Records for this exercise:

━━━━━━━━━━━━━━━━━━━━━━━━━━━━━━

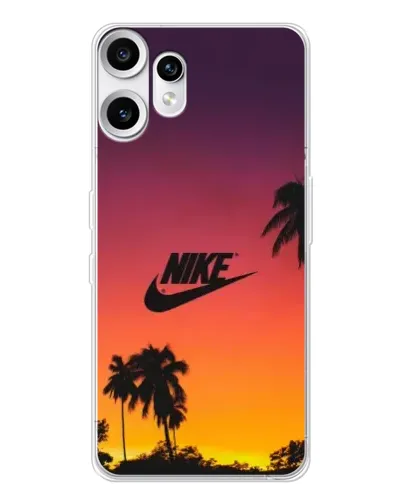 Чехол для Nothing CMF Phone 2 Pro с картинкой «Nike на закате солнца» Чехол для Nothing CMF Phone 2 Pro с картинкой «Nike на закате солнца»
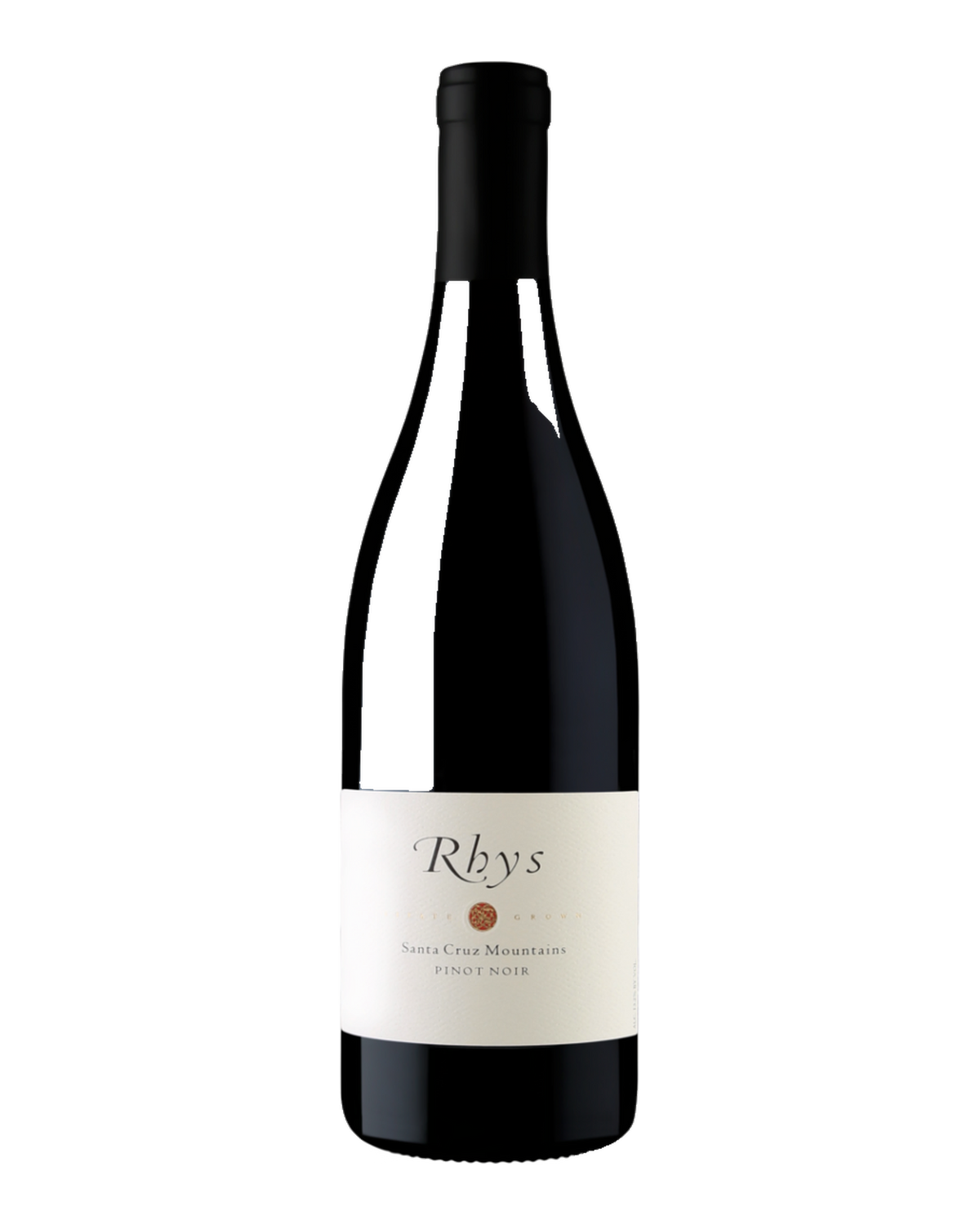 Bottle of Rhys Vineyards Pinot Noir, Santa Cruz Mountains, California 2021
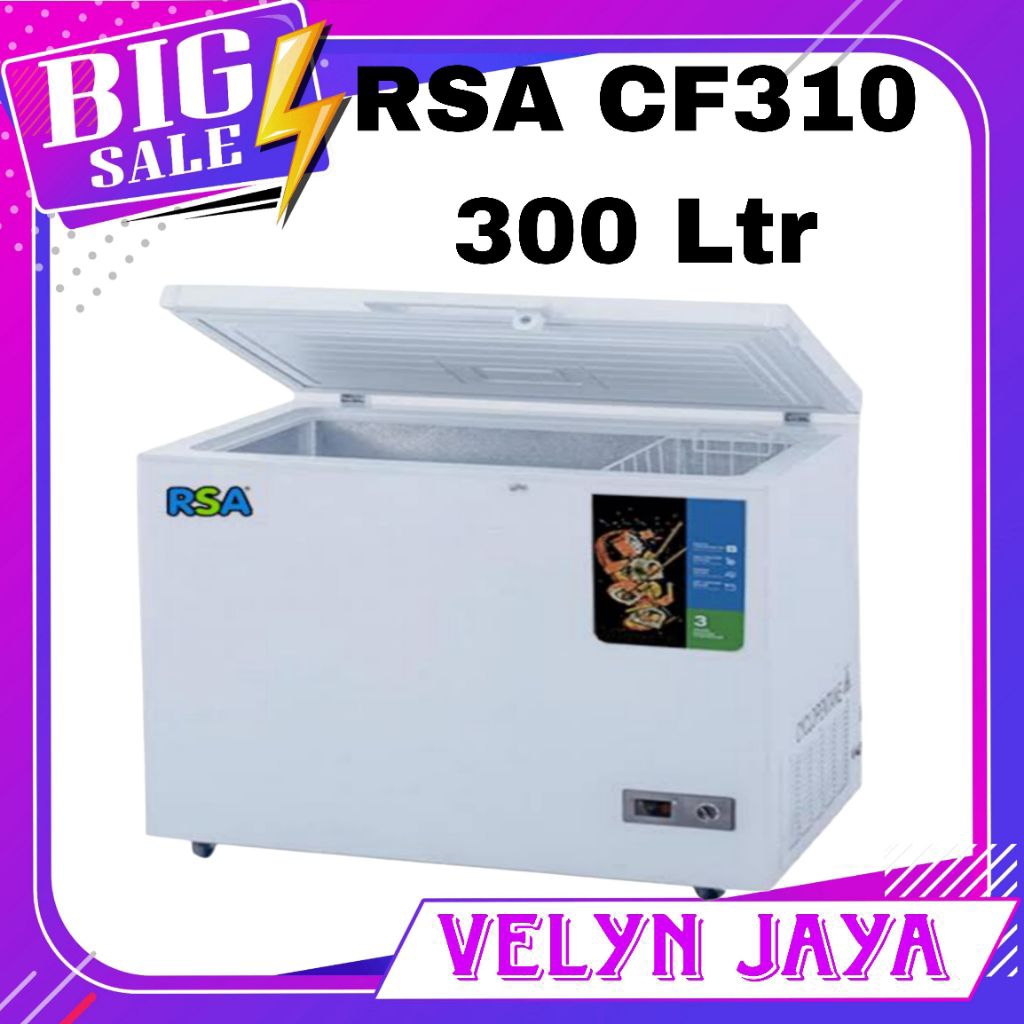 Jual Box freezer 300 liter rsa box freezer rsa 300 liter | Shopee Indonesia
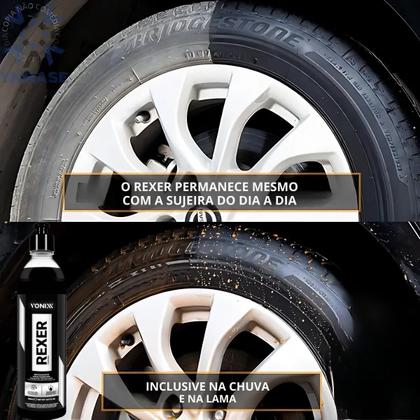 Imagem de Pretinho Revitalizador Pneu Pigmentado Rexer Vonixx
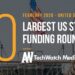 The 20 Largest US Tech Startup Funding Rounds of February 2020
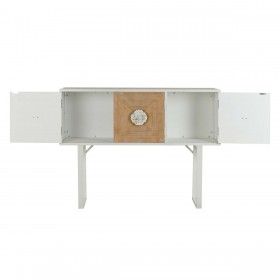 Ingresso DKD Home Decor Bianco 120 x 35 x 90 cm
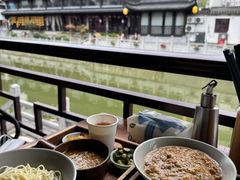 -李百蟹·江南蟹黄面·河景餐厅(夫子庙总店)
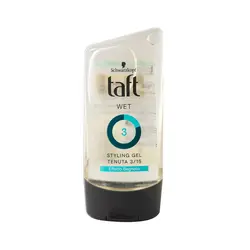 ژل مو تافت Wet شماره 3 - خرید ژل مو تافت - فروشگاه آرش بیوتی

━━━━━━━━━━━━━━━━━━━━━━━━━━━━━━

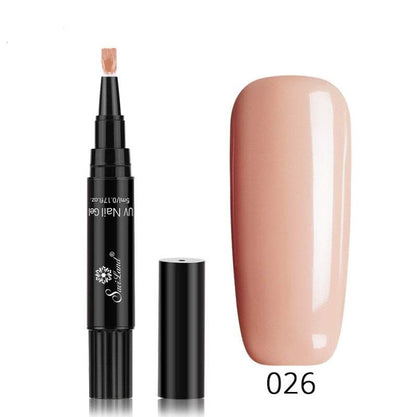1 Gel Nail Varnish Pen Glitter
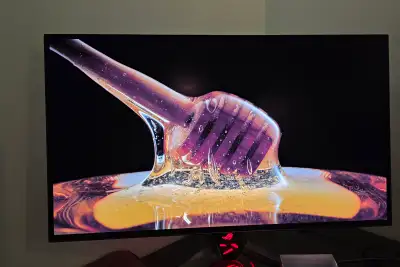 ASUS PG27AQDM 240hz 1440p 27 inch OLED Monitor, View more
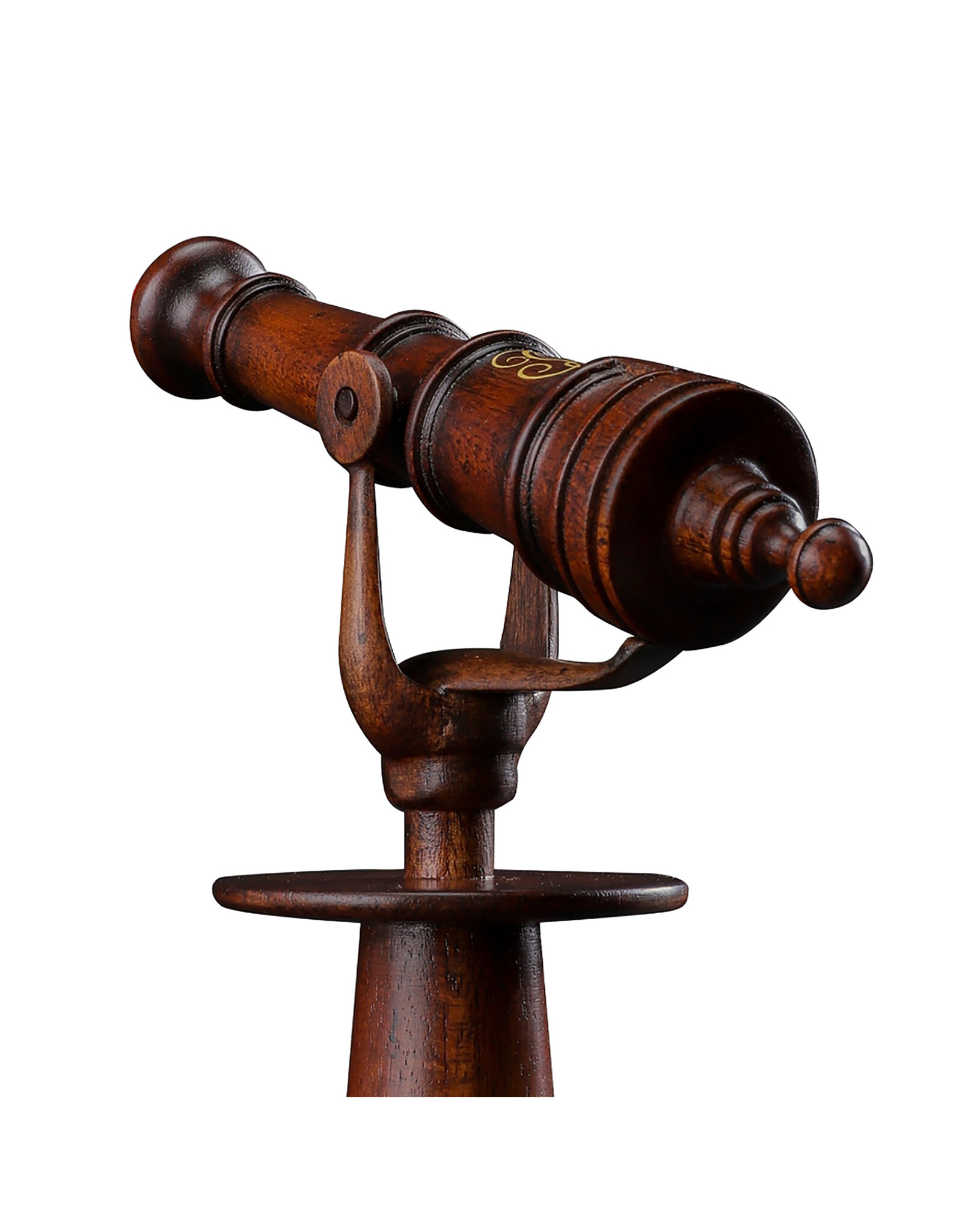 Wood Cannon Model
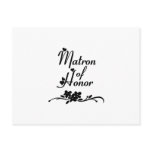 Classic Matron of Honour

━━━━━━━━━━━━━━━━━━━━━━━━━━━━━━

To do: Copy only these lines from the records above, exactly: the one with "Jual Box freezer", the one with "ژل مو تافت Wet", and those between. Skip the pictures.

Your response:
 Jual Box freezer 300 liter rsa box freezer rsa 300 liter | Shopee Indonesia
 Imagem de Pretinho Revitalizador Pneu Pigmentado Rexer Vonixx
 The 20 Largest US Tech Startup Funding Rounds of February 2020
 Ingresso DKD Home Decor Bianco 120 x 35 x 90 cm
 -李百蟹·江南蟹黄面·河景餐厅(夫子庙总店)
 ژل مو تافت Wet شماره 3 - خرید ژل مو تافت - فروشگاه آرش بیوتی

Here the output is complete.